### Work required
Do not include the pictures; repeat the rest of the data exactly.

### Information shown
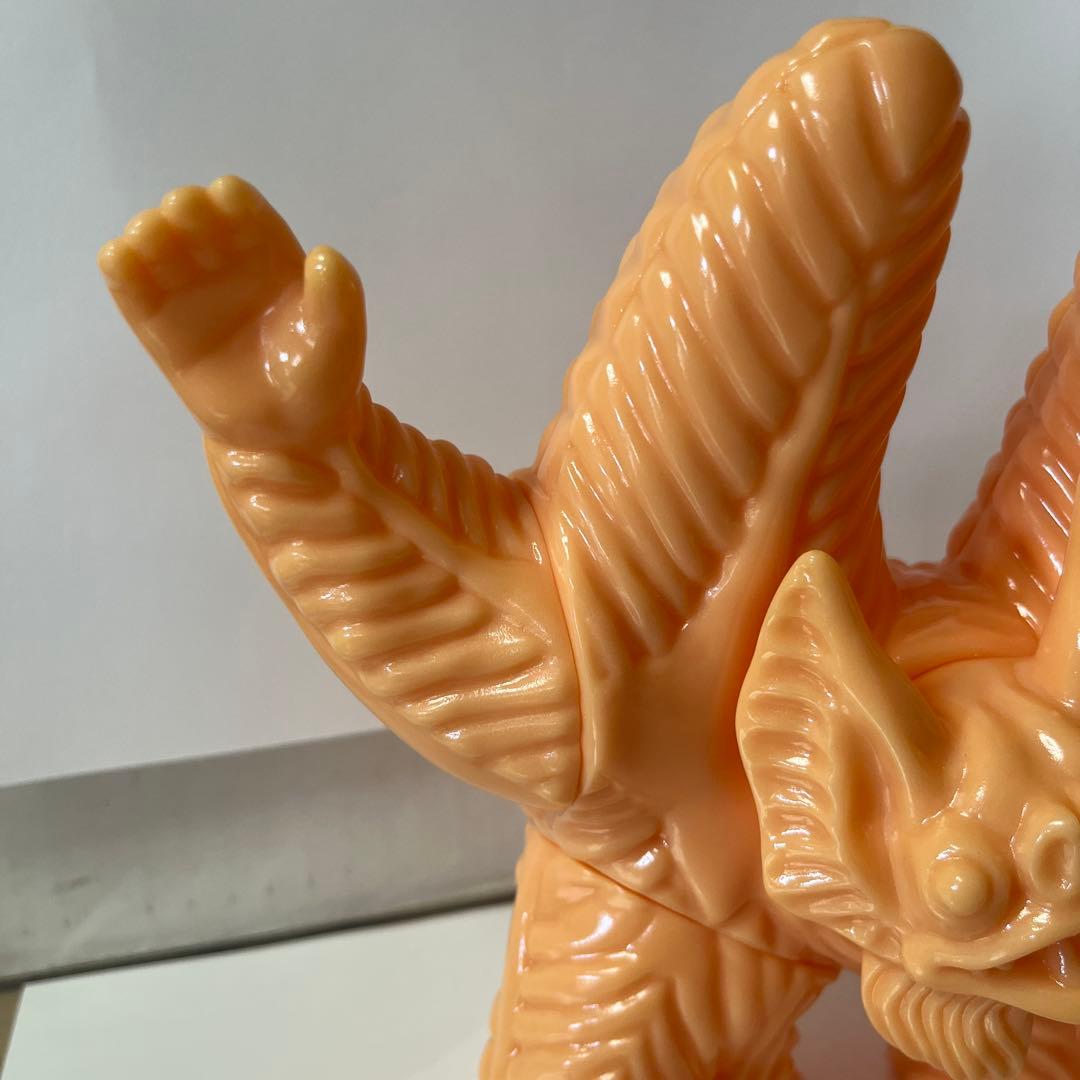 ⚠️人気　M1号　ウルトラマン　ペスター　薄橙色成型　スタンダード　2000年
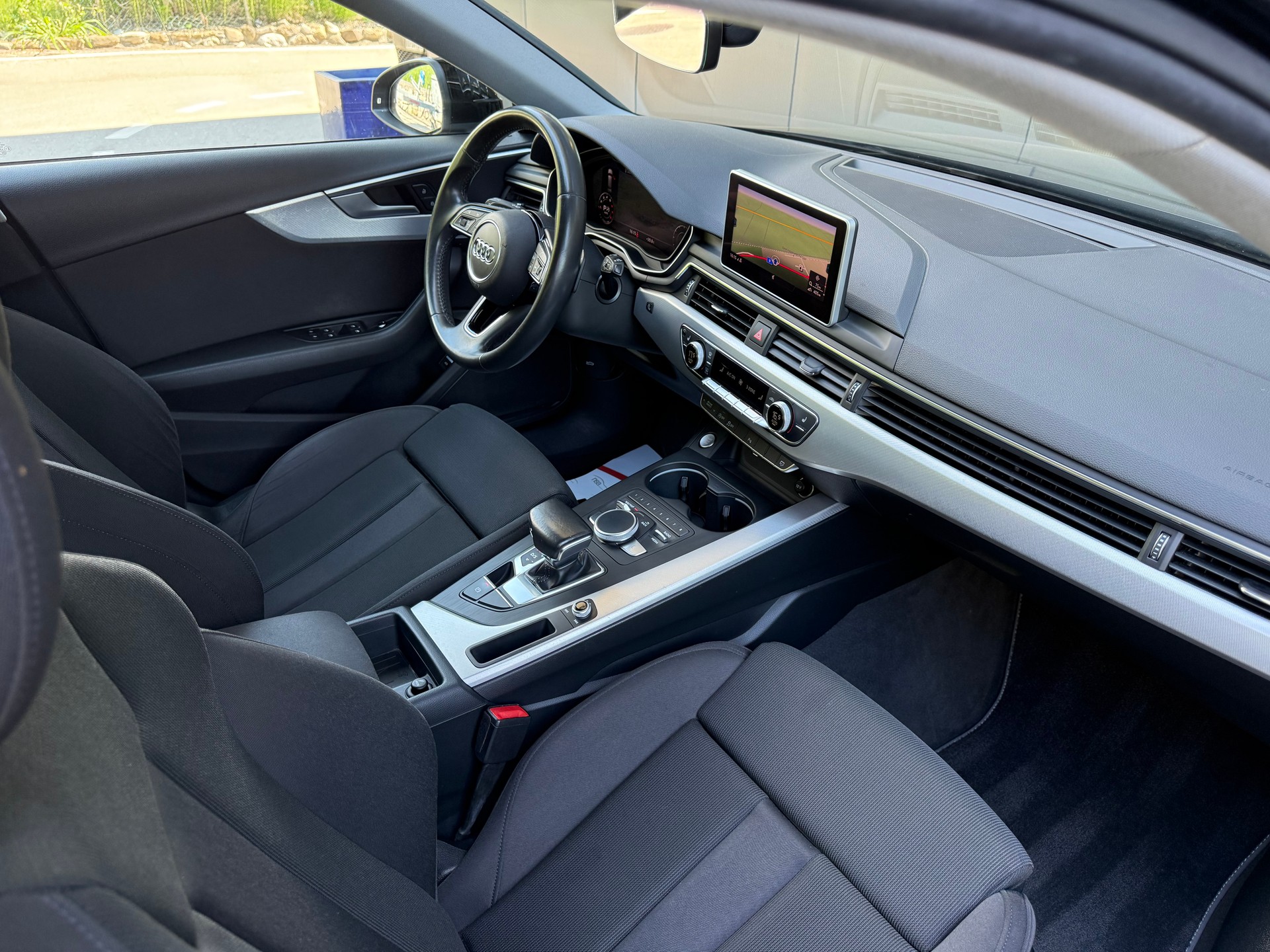 AUDI A4 Avant 40 TFSI Sport S-tronic-image-13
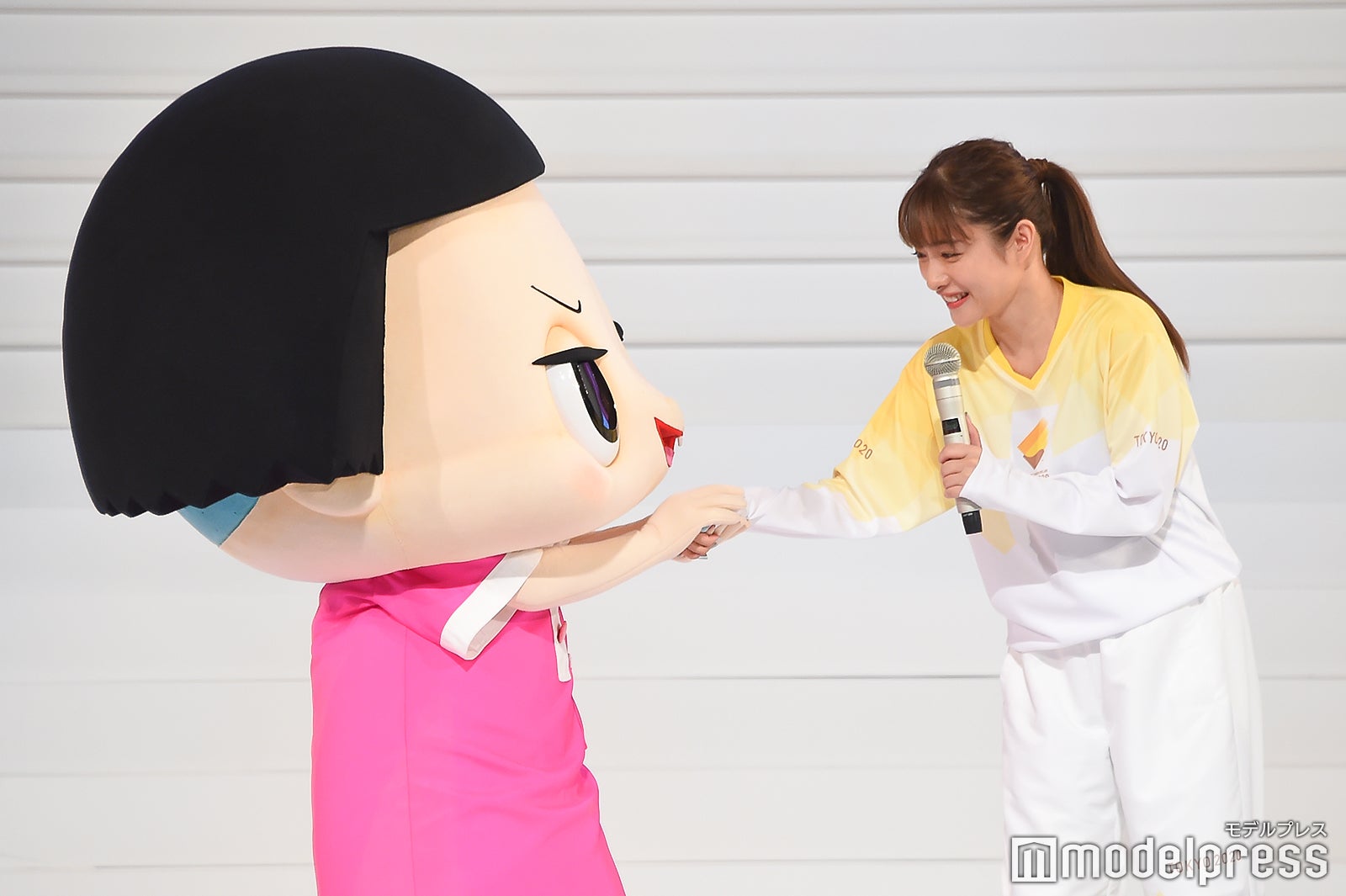 チコちゃんと手をつなぎながら答えを考える石原さとみ （C）モデルプレス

### Answer section
 ⚠️人気　M1号　ウルトラマン　ペスター　薄橙色成型　スタンダード　2000年
 AUDI A4 Avant 40 TFSI Sport S-tronic-image-13
 チコちゃんと手をつなぎながら答えを考える石原さとみ （C）モデルプレス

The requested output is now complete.